More than 5 years have passed since last update.

Real-Time group scheduling

Posted at 2020-05-11

もともと、Linux Kernelのソースコードの一部なので、GPLv2扱いになる（はずの認識）。

https://www.kernel.org/doc/html/latest/index.html

Licensing documentation

The following describes the license of the Linux kernel source code (GPLv2), how to properly mark the license of individual files in the source tree, as well as links to the full license text.

https://www.kernel.org/doc/html/latest/process/license-rules.html#kernel-licensing

Docs » Linux Scheduler » Real-Time group scheduling

0. WARNING

Fiddling with these settings can result in an unstable system, the knobs are root only and assumes root knows what he is doing.

これらの設定をいじると、システムが不安定になる可能性があります。rootにだけ取っ手はあり、rootは自分が何をしているのかを知る必要があります。

Most notable:

very small values in sched_rt_period_us can result in an unstable system when the period is smaller than either the available hrtimer resolution, or the time it takes to handle the budget refresh itself.

。区間が、有効なhrtimer resolutionよりも短い場合、もしくは、それが更新されるのに用いる時間よりも短い場合、sched_rt_period_us が非常に小さい値が、システムを不安定にする結果をもたらします

very small values in sched_rt_runtime_us can result in an unstable system when the runtime is so small the system has difficulty making forward progress (NOTE: the migration thread and kstopmachine both are real-time processes).

実行時間がシステムが次の進捗を作るのが難しい場合、sched_rt_runtime_us が非常に小さい値が、システムを不安定にする結果をもたらします（注：移行スレッドとkstopmachineはどちらもリアルタイムプロセスです）。

1. Overview

1.1 The problem

Realtime scheduling is all about determinism, a group has to be able to rely on the amount of bandwidth (eg. CPU time) being constant.

Realtime schedulingはすべて決定論に関する。グループは一定の帯域幅（CPU時間等）に依存する必要がある。

In order to schedule multiple groups of realtime tasks, each group must be assigned a fixed portion of the CPU time available.

realtime taskの複数グループをスケジュールするためには、それぞれのグループには有効なCPU時間の固定部分が割り当てられられなければならない。

Without a minimum guarantee a realtime group can obviously fall short.

realtime groupに最低限の保証がないと、明らかに不足する場合があります。

A fuzzy upper limit is of no use since it cannot be relied upon.
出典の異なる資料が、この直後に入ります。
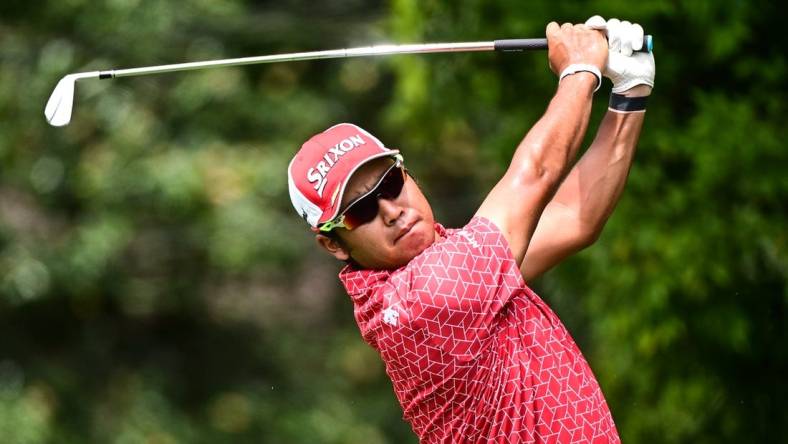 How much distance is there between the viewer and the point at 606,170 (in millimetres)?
3170

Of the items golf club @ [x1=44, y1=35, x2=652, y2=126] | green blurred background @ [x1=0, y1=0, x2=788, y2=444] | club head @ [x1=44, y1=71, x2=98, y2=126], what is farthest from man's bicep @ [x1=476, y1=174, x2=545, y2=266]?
green blurred background @ [x1=0, y1=0, x2=788, y2=444]

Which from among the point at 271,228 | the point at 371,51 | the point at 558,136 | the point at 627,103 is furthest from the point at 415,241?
the point at 271,228

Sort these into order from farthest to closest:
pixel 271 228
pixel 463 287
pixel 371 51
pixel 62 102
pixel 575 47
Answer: pixel 271 228, pixel 62 102, pixel 371 51, pixel 575 47, pixel 463 287

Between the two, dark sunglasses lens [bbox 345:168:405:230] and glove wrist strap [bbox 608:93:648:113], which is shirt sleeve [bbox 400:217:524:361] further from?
glove wrist strap [bbox 608:93:648:113]

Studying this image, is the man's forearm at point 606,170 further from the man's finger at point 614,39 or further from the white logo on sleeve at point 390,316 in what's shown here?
the white logo on sleeve at point 390,316

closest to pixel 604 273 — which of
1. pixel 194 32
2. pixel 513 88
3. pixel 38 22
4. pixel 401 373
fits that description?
pixel 513 88

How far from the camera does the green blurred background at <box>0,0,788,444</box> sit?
5.55 metres

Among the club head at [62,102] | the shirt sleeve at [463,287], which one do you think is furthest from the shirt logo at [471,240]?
the club head at [62,102]

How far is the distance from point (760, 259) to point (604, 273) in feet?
2.15

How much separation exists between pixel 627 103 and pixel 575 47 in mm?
251

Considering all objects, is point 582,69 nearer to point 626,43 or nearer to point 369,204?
point 626,43

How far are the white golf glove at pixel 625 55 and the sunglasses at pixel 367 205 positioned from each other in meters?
0.56

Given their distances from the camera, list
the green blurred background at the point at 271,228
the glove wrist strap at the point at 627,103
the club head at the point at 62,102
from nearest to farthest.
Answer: the glove wrist strap at the point at 627,103
the club head at the point at 62,102
the green blurred background at the point at 271,228

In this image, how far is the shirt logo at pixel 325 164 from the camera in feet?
9.45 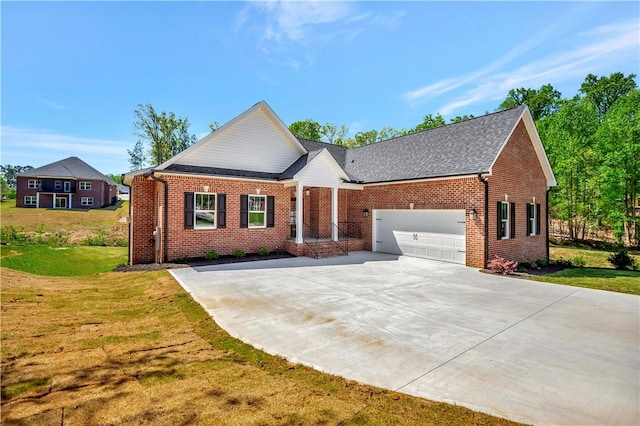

Which leaves us with just the single fixed portion.

ファジーな上限は信用できず、役に立ちません。これにより、固定部分が１つだけ残ります。

1.2 The solution

CPU time is divided by means of specifying how much time can be spent running in a given period.

CPU時間は、どれだけの時間を実行に割り当てるのかを指定することで分割されます。

We allocate this “run time” for each realtime group which the other realtime groups will not be permitted to use.

この"run time" は、他のreal time groupに割り当てられていないときに、それぞれのreal time groupに対して、割り当てます。

Any time not allocated to a realtime group will be used to run normal priority tasks (SCHED_OTHER).

realtime gourpに割り当てられていない時間では、通常の優先度タスク(SCHED_OTHER)の実行に利用されます。

Any allocated run time not used will also be picked up by SCHED_OTHER.

割り当てられたrun timeのうち使われていない時間も、SCHED_OTHERによってかき集められます。

Let’s consider an example:
例を考えてみましょう。

a frame fixed realtime renderer must deliver 25 frames a second, which yields a period of 0.04s per frame.

frame fixed realtime renderは、毎秒25frameを提供しなければなりません。これは1フレームあたり0.04秒の周期が生じます。

Now say it will also have to play some music and respond to input, leaving it with around 80% CPU time dedicated for the graphics.

ここで、音楽を再生したり入力に反応したりしなければならない場合、graphicsを処理するための80%を残さなければなりません。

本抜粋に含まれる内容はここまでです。